January 10, 2017 - 1:56pmUpdated: January 10, 2017 - 4:47pm
FIle photo/650 CKOM
Saskatchewan taxpayers could save $10 million to $20 million by 2018-19 when12 health regions authorities amalgamate into one large board.
The provincial government predicts it will save between $10 million to $20 million by consolidating 12 existing health regions into a single authority.
Health Minister Jim Reiter said Tuesday the savings would be expected to kick in by 2018-19.
"Every dollar we can save can certainly be put to good use in the health care system," Reiter said.
Eliminating the need for several senior executive positions is one way the new board could reduce costs.
But the government still doesn't know how much it will save after severance pay outs.
"There are currently 12 CEO's and 62 vice-presidents in our health regions.

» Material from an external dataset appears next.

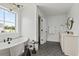 Bathroom featuring a soaking tub, dual vanities, and hexagonal tile flooring at 500 Eagleview Dr, Moncks Corner, SC 29461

Once we have a firm determination of severance costs and on-going executive salary savings, we will provide an update," Reiter said.
Reiter says they expect to have the new board in place by this fall, but an exact date hasn't been set.
"Alberta did this a number of years ago and while I think it's working fairly well now, they had some difficult growing pains and part of the reason was that they rushed the transition," Reiter said.
Reiter said the province expects savings of about $700,000 a year in board governance costs and about $9 million on information technology.
The Athabasca Health Authority, in the far north, is to remain intact.
The Saskatchewan NDP is responding to the province’s projection it will save millions of dollars by combining health authorities.
"They're cutting 12 health regions and didn't have any numbers, didn't have any facts a week ago and yet, today, they start producing numbers. That is completely backwards," said Danielle Chartier, the Saskatchewan NDP health critic.
Chartier said the government should have made a detailed plan – complete with important answers – ahead of last week’s announcement to avoid speculation and concern.
"How much money it was going to save – if it was going to save any money at all,” she said.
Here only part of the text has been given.